Background Briefing

Forced Conciliation

We do not want to go to court. We want what we deserve. I am frightened about opening a ten-year court case. Will I live that long? Honestly, my loss is TL 200,000 and they are offering me TL 7,000.
—N.Z., displaced in 1993 from Islamköy village, Diyarbakır23

What sets villagers at such a disadvantage in the process provided in the Compensation Law is the lack of independence of the damage assessment commissions and the absence of any effective appeals procedure. Villagers have no realistic alternative and must accept whatever terms the commissions care to propose. To refuse a conciliation offer would be to embark on a legal fight that, considering the pace of legal processes in Turkey, would entail a further decade of delay and substantial litigation expense. And as the analysis in this section shows, there would be little hope of justice at the end of that long fight. This is an almost unbearable prospect for a group of already traumatized and impoverished victims.
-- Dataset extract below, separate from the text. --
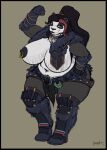  absurd_res anthro armor big_breasts black_body black_fur black_nose blizzard_entertainment breasts capcom countershade_torso countershading curvy_figure edit female fur giant_panda greasymojo grey_background hand_on_hip hi_res huge_breasts ikusame mammal monster_hunter multicolored_body multicolored_fur musclegut muscular muscular_female nipple_piercing nipples pandaren piercing simple_background slightly_chubby solo thick_thighs unconvincing_armor ursid video_games voluptuous warcraft white_body white_fur wide_hips 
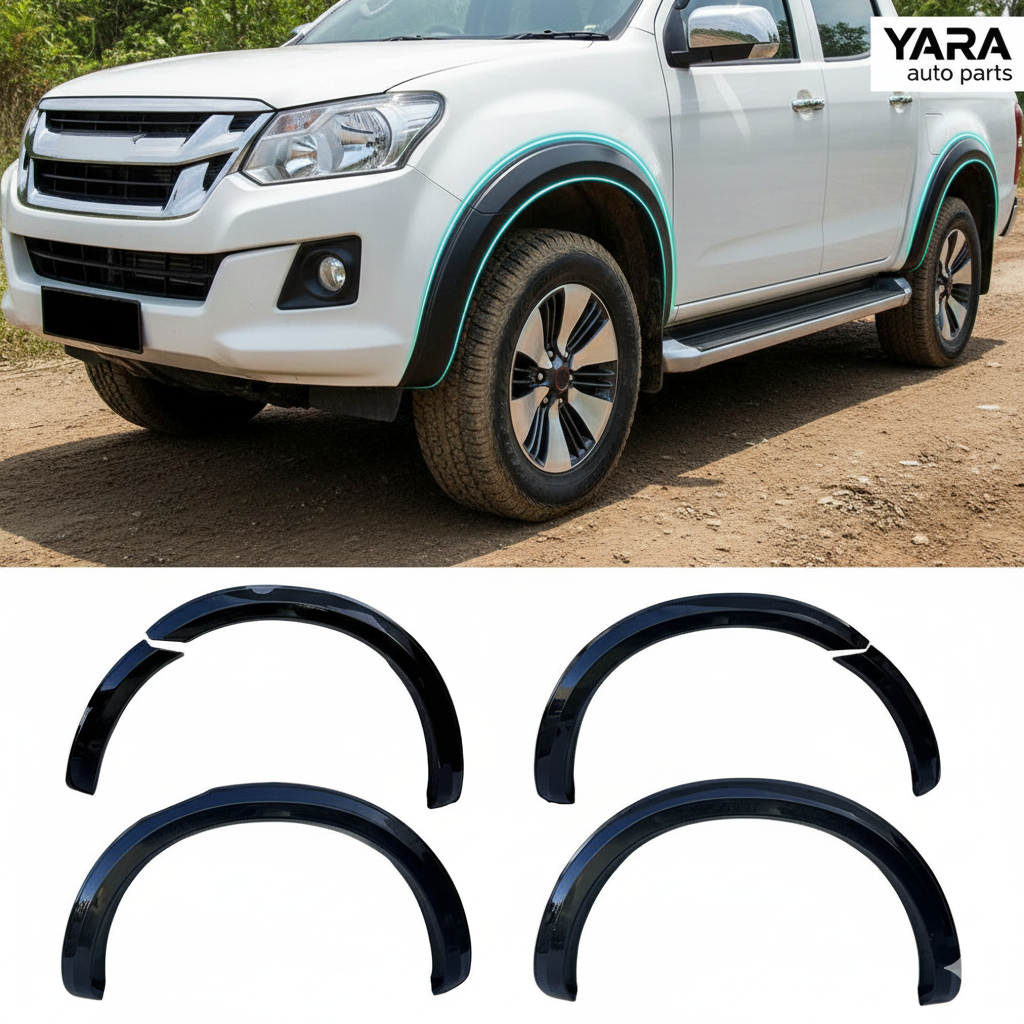 Slim Fender Flares for Isuzu D-MAX 2021-2023 | Wheel Arch Guard Cover Trim Set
Theoretically, if a villager finds the assessment commission’s conciliation offer unacceptable, he can go to court. In practice, this is not an option. Under administrative court rules, litigants opening an action must pay into court approximately 4 percent of their claim. But these are poor villagers, reduced to a state of misery by wide-scale criminal acts committed by officials of the state they would be challenging in the courts. A displaced farmer who has to sell puddings on the street to buy school books for his child cannot afford to lay out large sums in the hope of winning a court action against the state responsible for the tort originally committed against him.

Diyarbakır lawyer Habibe Deyar described the stark non-choices:

The assessment commission puts the offer in front of us. We have 20 days to decide. If my client feels he should be paid TL 100,000 [US$67,000], he has to find TL 4,000 [$2,680, to pay into court]. The case may take four years in the administrative court. If he wins, the state will appeal and the case will go to the Council of State. That will take another five years. Nine years—without much prospect of success, because we will have to start from the beginning by proving the state’s responsibility for the burnings. The last time we tried to do that they prosecuted us.24

The Dictator Game

Game theory is a branch of mathematics that studies strategic situations where players choose various tactics in order to maximize their returns. In the Ultimatum Game the proposer has to divide a large sum of money between himself and the respondent, who can take it or leave the offer. If he leaves it, neither side gets anything. Research shows that the proposer tends to offer almost half of the total sum, fearing a spiteful response from the respondent who, experiments show, is unlikely to settle for much less than half. In a variant of this, the Dictator Game, the proposer simply allocates what he likes and there is nothing the respondent can do about it. With no fear of reprisal, the proposer makes a much stingier offer. In fact, the rational offer, under these circumstances, is to give nothing at all, but in practice proposers often give a nominal sum, which researchers suggest is an “investment in reputation.”

The Dictator Game is a nearly perfect model of how damage assessment commissions are operating. The applicants have no realistic course of action other than to accept what is offered. The only leverage on the commissions to offer anything at all is the need to make the transaction appear to be a genuine compensation process. Giving zero to every applicant would not play well publicly within Turkey or in Brussels, now that the issue of the displaced has been included in the EU accession partnership, and might provoke a swift reversal of the Içyer decision. 25

Villagers accept the conciliation proposals not because this is the best option available to them, but because it is really the only option. Even families whose applications are rejected out of hand tend not to challenge the decision through the courts. Diyarbakır lawyer Sedat Aydın described how six families displaced from a village near Çınar, because they had refused service as village guards, were rejected from the Compensation Law process on the basis of testimony given by the current muhtar and the man who was muhtar at the time of the displacement. These officials said that the families had left of their own accord, but both muhtars were village guards, and the lawyer had good grounds for believing that the testimony was untrue. “I discussed the possibility of opening a case. The problem is, I would have to pay in the fee before opening the case. [The six families] decided not to take legal action for financial reasons.”26

There are provisions for state payment of court fees for destitute persons, but all displaced villagers who hold land (which would include most applicants, since their complaint is the unlawful denial of access to their land and house) are disqualified by that fact.



23 Human Rights watch interview with displaced villager N.Z., Elazığ, April 5, 2006.

24 See International Commission of Jurists, “Turkey: Final report on the trial of the president of the bar and three other lawyers,” February 11, 2004. Habibe Deyar and other Diyarbakır lawyers who attempted to bring court actions concerning displacement were indicted for “insulting the security forces,” but were finally acquitted.

25 See, for example, Bolton, Gary, Elena Katok and Rami Zwick (1998), "Dictator Game Giving: Rules of Fairness Versus Acts of Kindness", International Journal of Game Theory, 27, pp. 269-99.

26 Human Rights Watch interview with lawyer Sedat Aydın, Diyarbakır, April 4, 2006.